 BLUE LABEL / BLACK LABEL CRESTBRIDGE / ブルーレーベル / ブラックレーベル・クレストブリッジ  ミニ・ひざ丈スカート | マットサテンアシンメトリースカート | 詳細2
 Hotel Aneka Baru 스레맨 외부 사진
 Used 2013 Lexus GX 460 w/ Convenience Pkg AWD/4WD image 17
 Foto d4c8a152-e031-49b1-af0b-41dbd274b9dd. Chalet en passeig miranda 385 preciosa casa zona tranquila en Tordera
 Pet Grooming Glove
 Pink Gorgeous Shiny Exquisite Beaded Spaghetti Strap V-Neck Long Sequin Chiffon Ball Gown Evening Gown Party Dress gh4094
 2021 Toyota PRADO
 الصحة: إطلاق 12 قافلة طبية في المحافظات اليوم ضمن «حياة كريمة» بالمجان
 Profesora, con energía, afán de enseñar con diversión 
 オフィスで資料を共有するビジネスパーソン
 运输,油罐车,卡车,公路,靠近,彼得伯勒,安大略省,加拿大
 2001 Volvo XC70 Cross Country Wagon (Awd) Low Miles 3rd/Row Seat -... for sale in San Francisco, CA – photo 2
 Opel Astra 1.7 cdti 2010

Assignment: Please copy the line that contains "オフィスで資料を共有するビジネスパーソン" and each line after it through the end of the records, exactly, and no other lines.

Solution to this problem:
 オフィスで資料を共有するビジネスパーソン
 运输,油罐车,卡车,公路,靠近,彼得伯勒,安大略省,加拿大
 2001 Volvo XC70 Cross Country Wagon (Awd) Low Miles 3rd/Row Seat -... for sale in San Francisco, CA – photo 2
 Opel Astra 1.7 cdti 2010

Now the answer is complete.